Potassium in yacon supports the nervous system, muscle function, and blood circulation. Calcium helps blood clotting, assists with muscle contraction, nerve transmission, and growth of bones and teeth. Iron reduces fatigue and supports red blood cell production, hemoglobin synthesis, and oxygen transport. After a month of yacon consumption, parameters of pancreatic activity and nutrient absorption improved. Additional proteins and enzymes may assist weight reduction and support individuals at risk of obesity.

Yacon Leaf

Leaf components exhibit diuretic and wound-healing effects when used topically. Interestingly, yacon leaves have demonstrated hypoglycemic effects in both healthy and diabetic animals. The first scientific publications in 2001 described a 10% aqueous yacon leaf extract as lowering plasma sugar, reducing weight, and stabilizing insulin levels in diabetic rats. Further studies found that after eight weeks of leaf decoction use, both sugar and insulin levels were better controlled in rats. Regular use of yacon leaf extract showed significant hypoglycemic effects after 30 days. The proposed mechanisms include modified insulin and antioxidant activity.

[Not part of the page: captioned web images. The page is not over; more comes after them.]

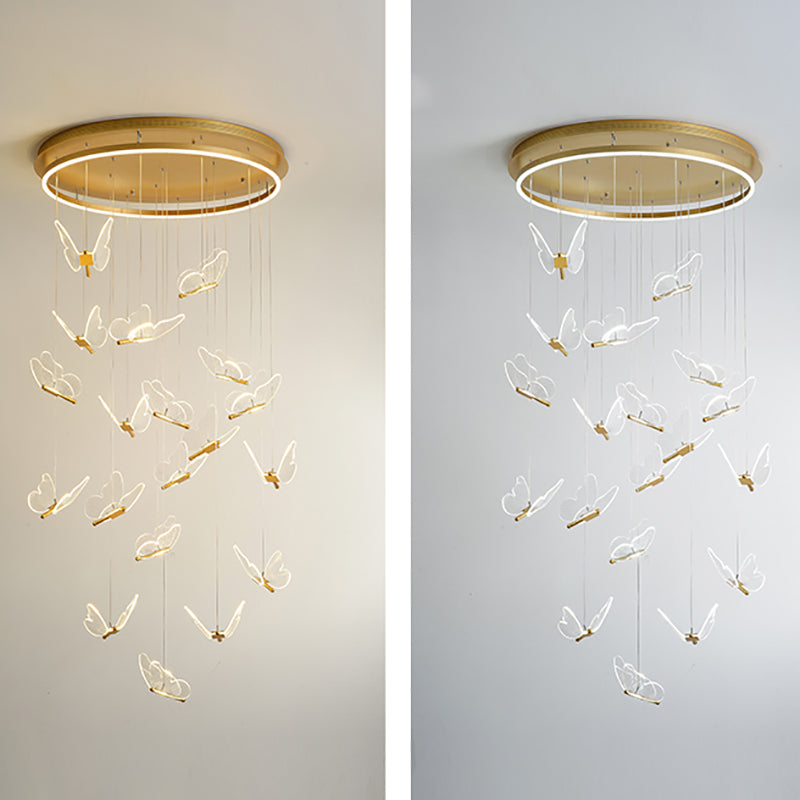 Multi Light Butterfly Pendant Lighting Modern Acrylic Cluster Pendant Light in Gold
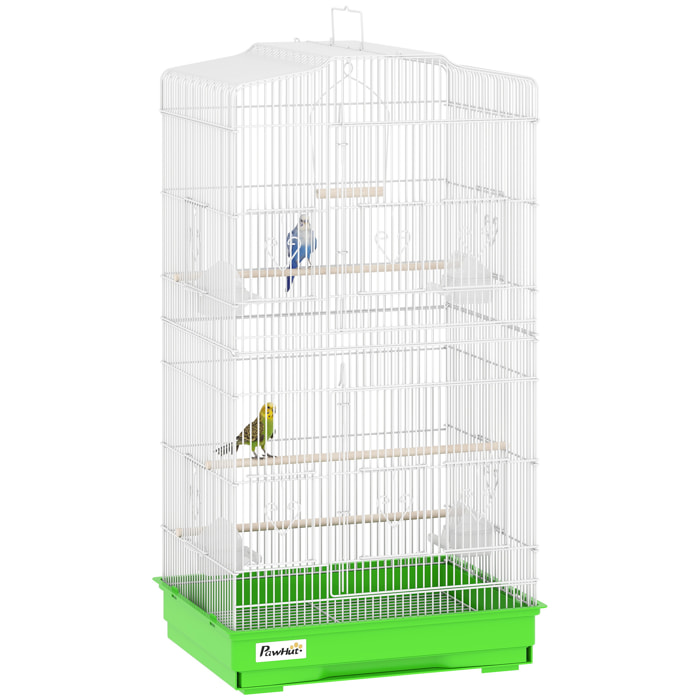 Jaula para Pájaros, Jaula de Metal para Pájaros con Puertas, 4 Comederos, 3 Perchas, Columpio, Bandeja Extraíble y Asa de Transporte, para Loro, Canario, Periquito, 46,5x35,5x92 cm, Verde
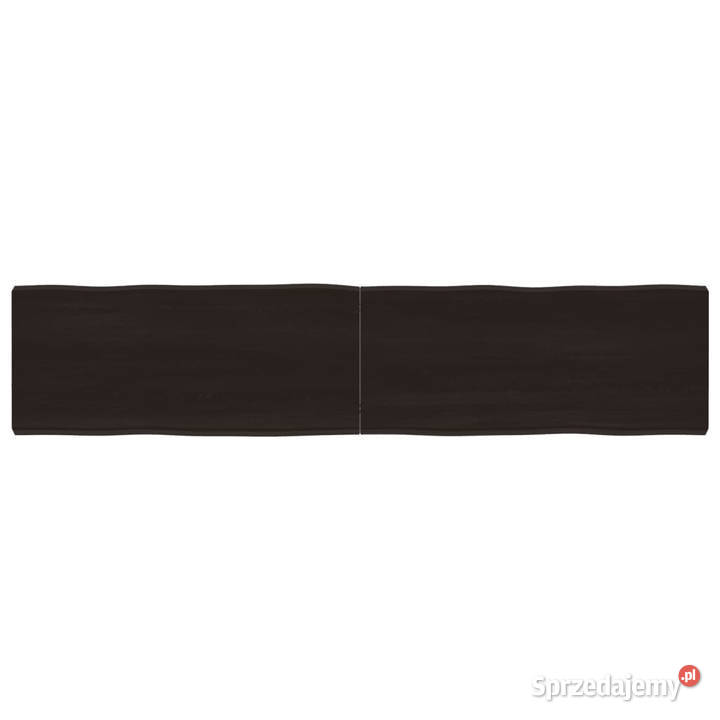 Blat ciemnobrązowy 180x40x26 drewno z naturalną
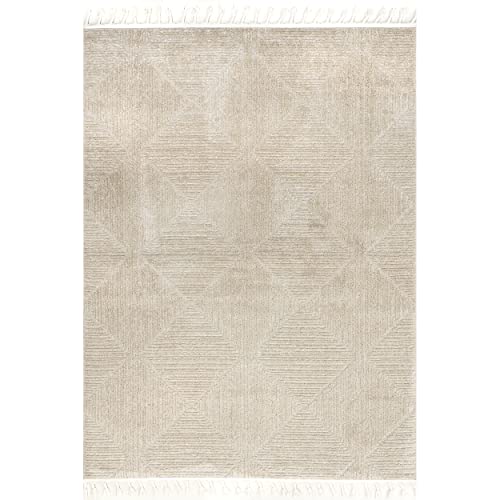 nuLOOM Kerry Beige Geometric Power Loomed Area Rug, 7' x 9' - color: Kerry Beige, size: 6'7" x 9' (Rectangular)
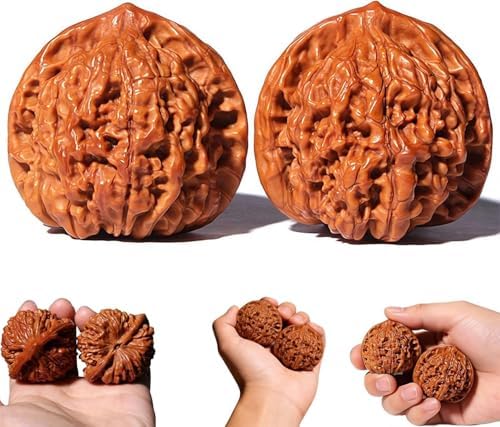 Pelotas de Masaje de Nueces Wenwan Naturales | 1 Par de 1.8 Nueces Chinas para Alivio del Estrés y Ansiedad | Pelotas de Reflexología para Terapia de - imagen 1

Traditionally, yacon leaves are consumed alone in decoctions or combined with other leafy vegetables, and in Japan, often enjoyed with tea leaves. In the USA and Japan, yacon leaves are used to make dietary products, bread, and more for reduced-calorie or diabetic diets. Yacon leaves also support liver diets due to their hepatoprotective properties.

Folk Medicine

Yacon has long been used in traditional medicine for supporting the treatment of diabetes, body detoxification, liver protection, high blood pressure, constipation, inflammatory diseases of the bladder, kidneys, joints, and insomnia. Both tubers and leaves are frequently consumed for atherosclerosis, digestive issues (constipation), high cholesterol, and blood sugar. In Andean folk therapy, yacon is used to delay aging and support youthful appearance.

Decoctions or dried yacon leaves are traditionally used against fungal infections, mycoses of the toes and nails, and for gargling with oral thrush. The antibacterial properties of yacon leaves make them useful for washing cuts, burns, scars, and abrasions. Internally, yacon leaf infusions help stabilize glycemia, lower blood pressure, and are consumed as antioxidants and hepatoprotectants.

Precautions

Overconsumption may lead to discomfort (abdominal pain, bloating, diarrhea) but is not life-threatening. To minimize breakdown of oligofructans into fructose—which could increase glycemia in large quantities—tubers should be kept cool and in the dark.

Active Compounds

Dried yacon tubers contain about 80% sweet fructooligosaccharides, 0.3–3.7% protein, and trace fiber. Per 100 grams, tubers provide about 81 g water, 14 g carbohydrates, 1 g protein, 0.9 g fiber, 200 mg potassium, 23 mg calcium, small amounts of magnesium, 0.2 mg iron, phosphorus, beta-carotene, vitamins A, B1, B2, C, about 20 amino acids, and various enzymes. Oligosaccharides (mainly inulin types) are not absorbed by the human body, serving as prebiotics instead. Energy value per 100 g is about 1,574 kJ or 373 kcal. Yacon leaves contain much higher levels—up to five times more—protein, fiber, calcium, phosphorus, iron, manganese, and zinc, plus catechol, terpenes, kaurenoic acid, diterpenes, gibberellins, melampolides, sonchifolin, polymatin, enhydrin, and flavonoids.

Traditional Dosage

Yacon root powder is taken 1–3 times daily on an empty stomach in doses of 2–5 g mixed with water. It is best blended with water in a 1:1 ratio to form a paste, which can then be further diluted to a smooth drink. Alternatively, 2–10 g of root can be steeped in 700–1,000 ml of cold water, brought to a boil for 5 minutes, allowed to stand, and sipped 1–3 times daily, 30 minutes before meals. For dried leaves, use 1–2 tablespoons per 750 ml water, bring to a boil and simmer for 5 minutes. Let stand, strain, and drink 2–3 times daily, about one cup per serving.